The Business Case: Benefits of Diversity Management Beyond High-Performance Work Systems

Topic(s): diversity, performance

Topic: Diversity
Publication: Human Resource Management (NOV/DEC 2010)
Article:  The Impact Of Diversity And Equality Management On Firm Performance: Beyond High Performance Work Systems
Authors: C. Armstrong, P. C. Flood, J. P. Guthrie, W. Liu, S. Maccurtain, and T.  Mkamwa
Reviewed By: Kerrin George

“What I need is the data, the evidence that diverse groups do better.”  Organizations may recognize the consequences of workplace discrimination, but when it comes to diversity management (e.g., practices that emphasize differences among employees as an asset if managed effectively), organizations need more convincing that the benefits will outweigh the costs. 

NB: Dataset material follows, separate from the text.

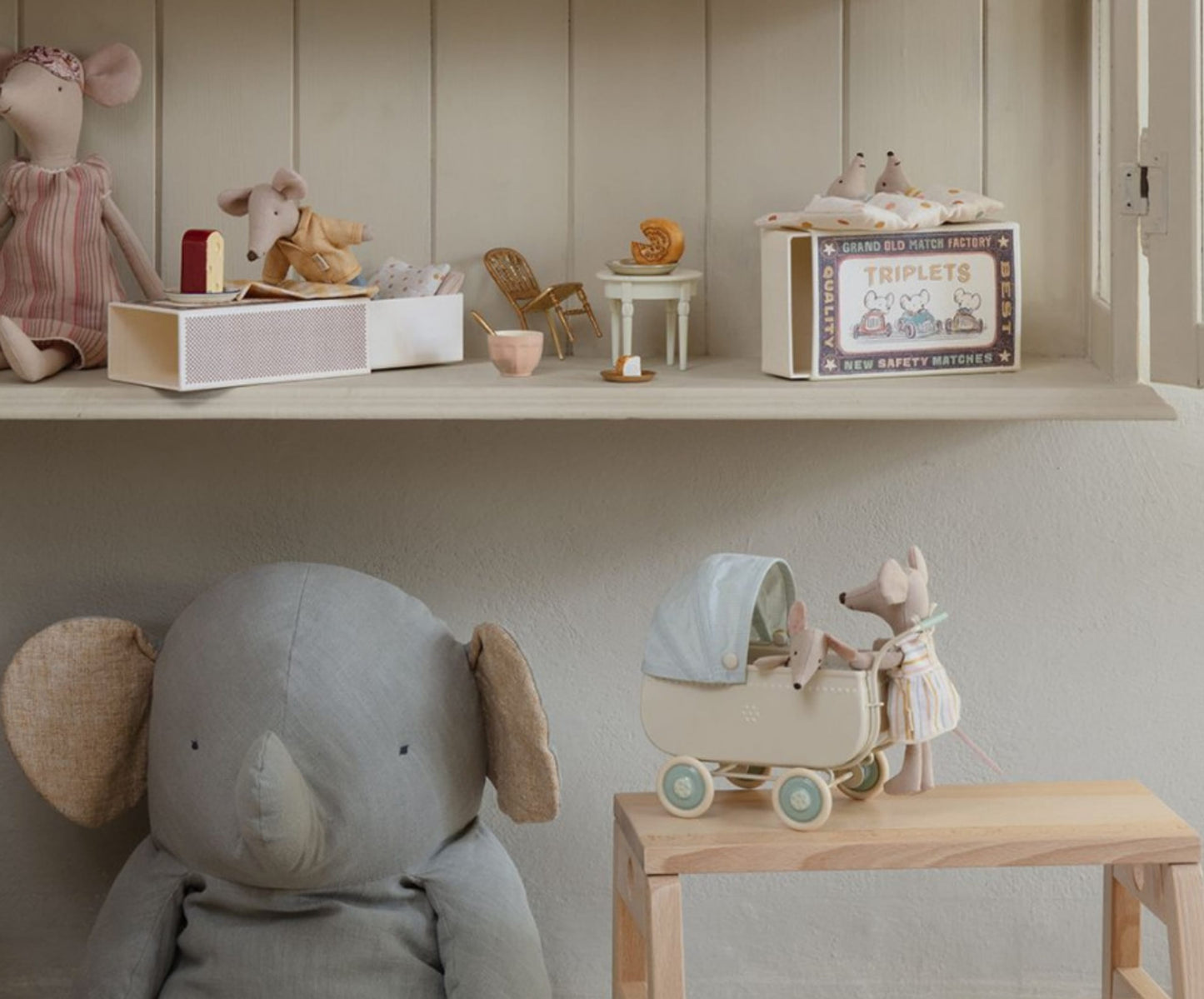 Miniatyr, Dockvagn, Micro, Blå - Maileg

The advantages of high performance work systems (HPWS; i.e., integrated recruitment, selection, performance management, training and development practices) have robust effects on organizational performance beyond individual human resource practices.  However, effective diversity management is often considered a primary characteristic of high performing organizations.  Armstrong and colleagues (2010) investigated whether diversity and equality management systems (DEMS, e.g., diversity training, ensuring equal pay and promotion across all groups) would have additional benefits for organizational performance.  They found support that organizations that used HPWS had increased firm performance; however, those organizations that used DEMS or a combination of both systems demonstrated additional gains, such as increased productivity and innovation, and less voluntary turnover.

The business case for diversity is evident here:  diversity management can be a performance enhancing strategy that leads to financial and climate benefits for organizations.  Practitioners should use this evidence to argue that investment in these practices is not a waste of resources.  Organizations with the ability to effectively manage workforce diversity by providing training or tying diversity to the broader organization’s strategy, for example, can lessen negative diversity outcomes and profit from multiple perspectives. 

Armstrong, C., Flood, P.C., Guthrie, J.P., Liu, W., Maccurtain, S., & Mkamwa, T. (2010). The impact of diversity and equality management on firm performance: beyond high performance work systems. Human Resource Management, 49(6), 977-998.